The mural comes as a spontaneous surprise, as it seemingly popped up overnight.  Some call it an art bomb, a term more often used for graffiti than works by grand masters.

'It's often you see our landscapes enhanced, uh, in other ways.  But that was a total pleasure.'—Gina O'Rourke-McKay 

"I looked up at the end of the parking lot and it was such a pleasure," said Gina O'Rourke-McKay. "It's often you see our landscapes enhanced, uh, in other ways. But that was a total pleasure. So yeah, keep it up. Bomb us some more."

"I first saw the Mona Lisa in a museum," said Peter Asimakos. "But this one I saw the other morning when I pulled in to park my car and I was pleasantly surprised. This one is quite good. I like the modern take on it, with the nose ring."

Nate Guimond has painted murals on schools and churches in Saint John.

He wishes there was a legitimate interest in commissioning more works of art in the city.

"I think there should be more demand for art in public places," said Guimond. "Where it can access people who don't already have their minds made up. They're still learning about the world."

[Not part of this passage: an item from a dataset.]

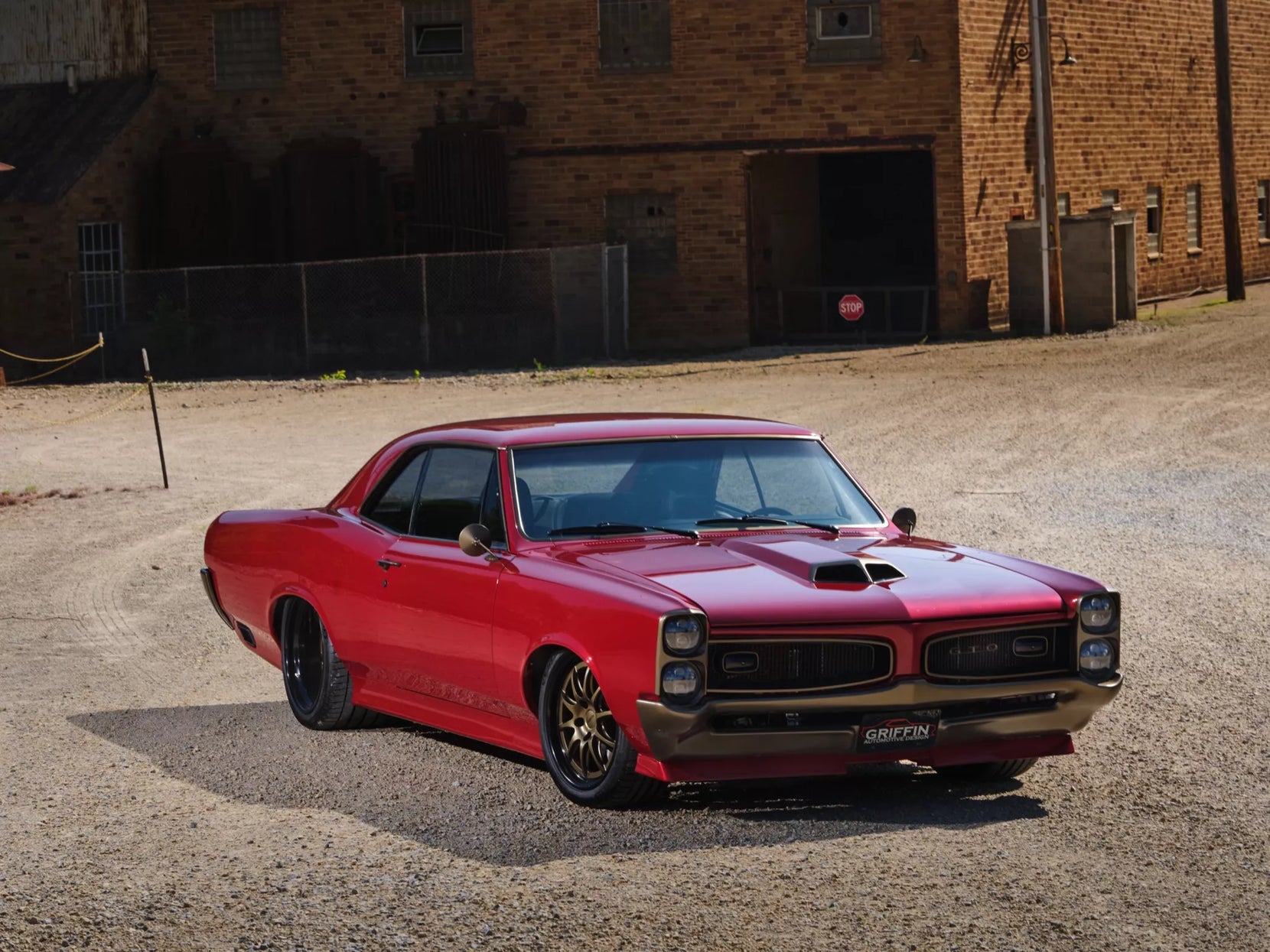 Russ Reiter's Griffin Automotive Design 1966 Pontiac GTO on Forgeline Forged Three Piece GZ3 Wheels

The piece of art is signed by someone - or some people - who go by the name Tripledog.

Alison Gayton said they have good reason for keeping their secret:

"It's actively frowned upon by many facets of the community and so it would be difficult to come out valuing something that is illegal like this, if say your job is to place value on private property, for instance," said Gayton.

With rain in the forecast, it's not clear how long the paper Mona Lisa will last.